The records below hold a stretch from the line with "26 Deer View" through the line with "DETROIT Serie 60"; return exactly those lines, ends included, and nothing more.
####
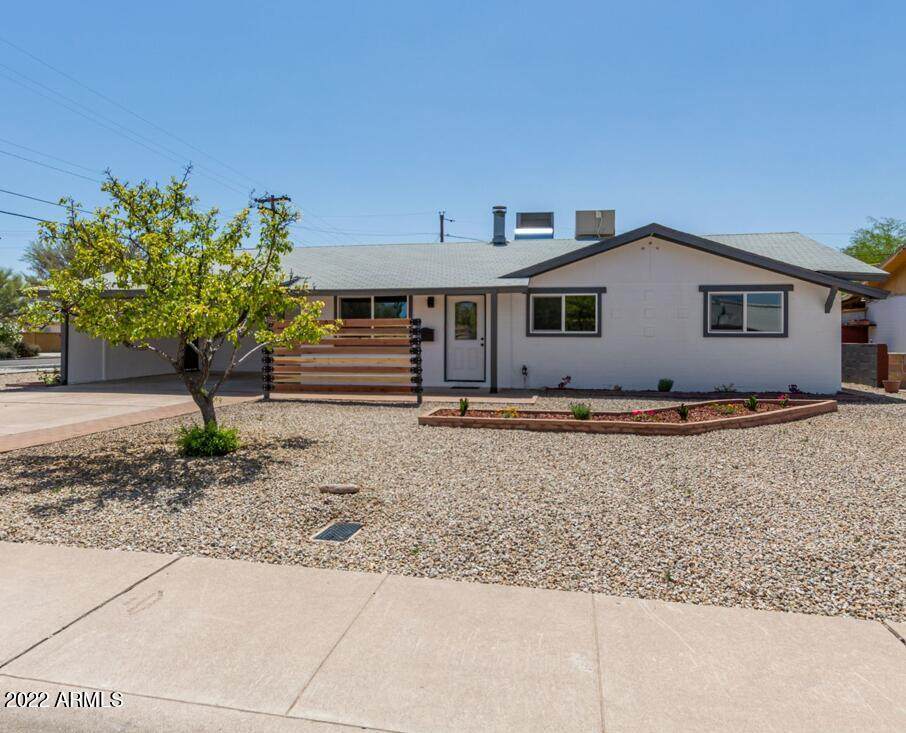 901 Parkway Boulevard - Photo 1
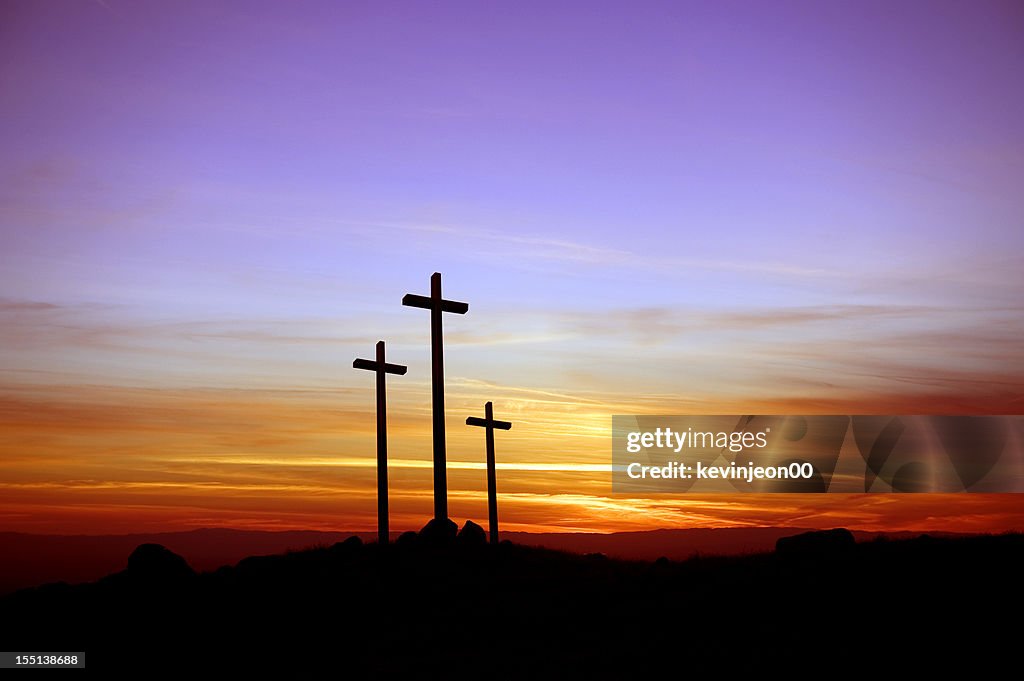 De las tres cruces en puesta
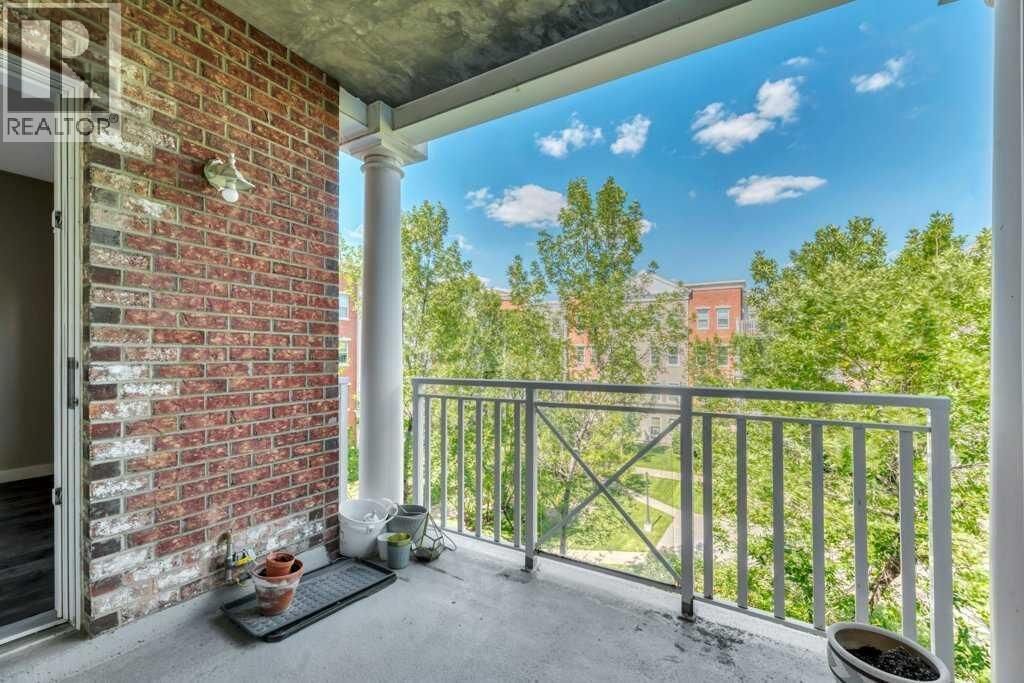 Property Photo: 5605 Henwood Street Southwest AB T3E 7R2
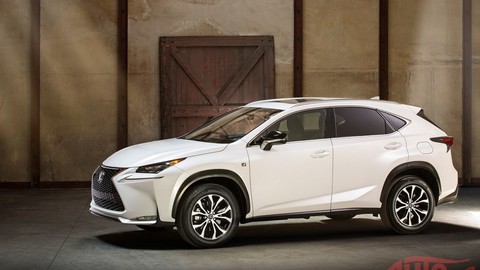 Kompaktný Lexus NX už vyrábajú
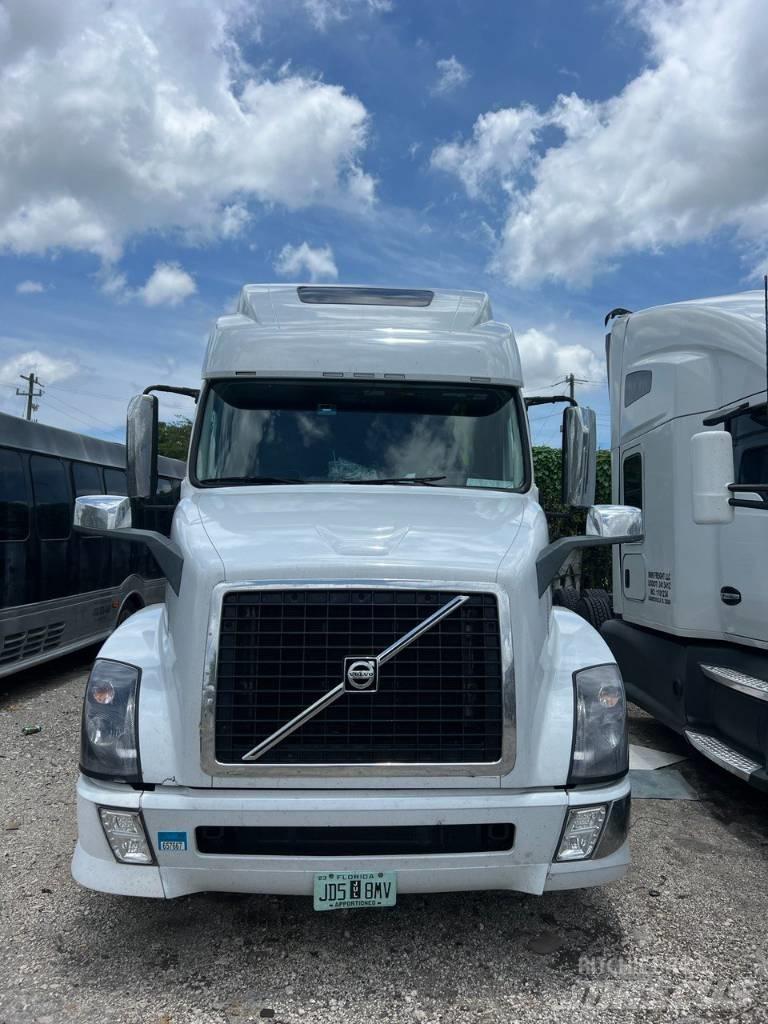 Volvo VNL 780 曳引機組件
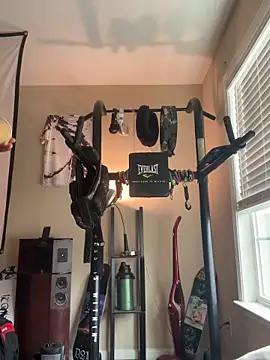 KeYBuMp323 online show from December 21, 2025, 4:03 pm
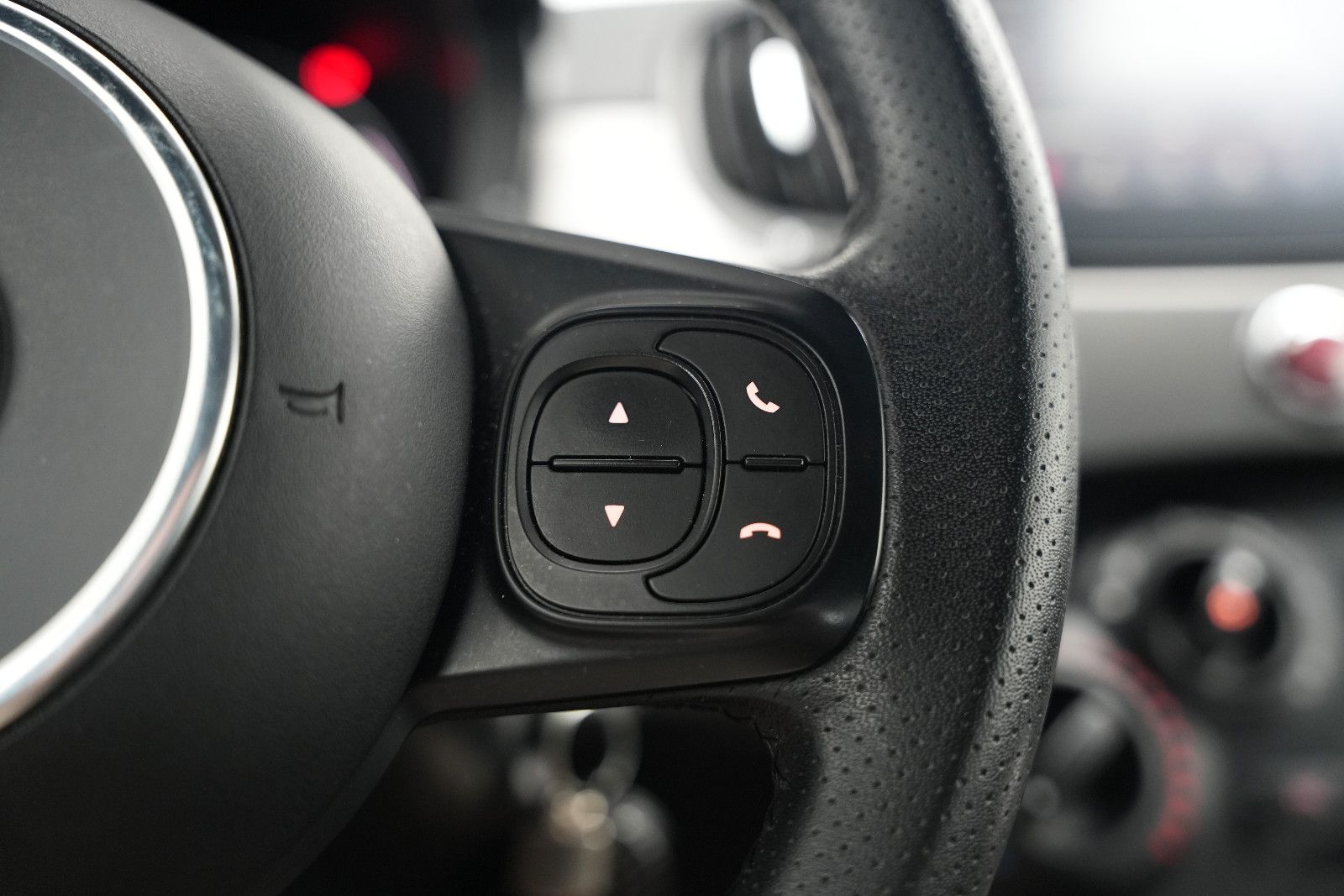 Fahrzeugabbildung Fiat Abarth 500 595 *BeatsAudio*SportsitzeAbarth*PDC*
####
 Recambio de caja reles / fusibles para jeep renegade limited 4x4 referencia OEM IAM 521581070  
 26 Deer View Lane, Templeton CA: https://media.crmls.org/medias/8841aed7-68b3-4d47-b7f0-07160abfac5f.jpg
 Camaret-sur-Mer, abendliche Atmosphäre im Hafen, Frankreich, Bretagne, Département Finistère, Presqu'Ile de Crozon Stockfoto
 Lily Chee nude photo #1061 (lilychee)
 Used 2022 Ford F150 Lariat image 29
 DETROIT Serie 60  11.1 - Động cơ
####
• Task output:
 26 Deer View Lane, Templeton CA: https://media.crmls.org/medias/8841aed7-68b3-4d47-b7f0-07160abfac5f.jpg
 Camaret-sur-Mer, abendliche Atmosphäre im Hafen, Frankreich, Bretagne, Département Finistère, Presqu'Ile de Crozon Stockfoto
 Lily Chee nude photo #1061 (lilychee)
 Used 2022 Ford F150 Lariat image 29
 DETROIT Serie 60  11.1 - Động cơ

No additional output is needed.